Village in Yambol, Bulgaria

Kabile (Кабиле) or Cabyle is a village in southeastern Bulgaria, part of the Tundzha municipality, Yambol Province.

The ancient Thracian city of Kabile was one of the most important and largest towns in Thrace and its architectural remains are impressive, many of them preserved and restored.

The territory of the ancient city and the surrounding area was proclaimed a territory of national importance and an archaeological reserve in 1965.

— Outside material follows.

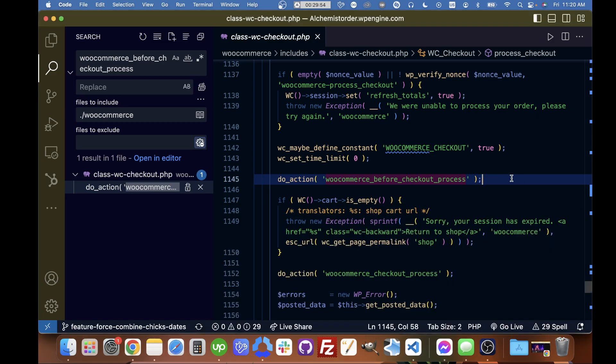Hi there, I wanted to share this WooCommerce hook that I discovered. It's called WooCommerce Before Checkout Process.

Many of the finds are housed in the on-site museum.

== Geography ==

Kabile village is located in the southernmost reaches of the Sliven Valley some 3 km northwest of Yambol. Zaychi vrah, the last hill of the Sredna Gora mountain range, can be found 1.5 km north of Kabile. The road from Yambol to the village of Zhelyu Voyvoda (in the Sliven Province) passes through Kabile, as well as the road from Yambol to the village of Drazhevo.

The name of the city originates from Cybele.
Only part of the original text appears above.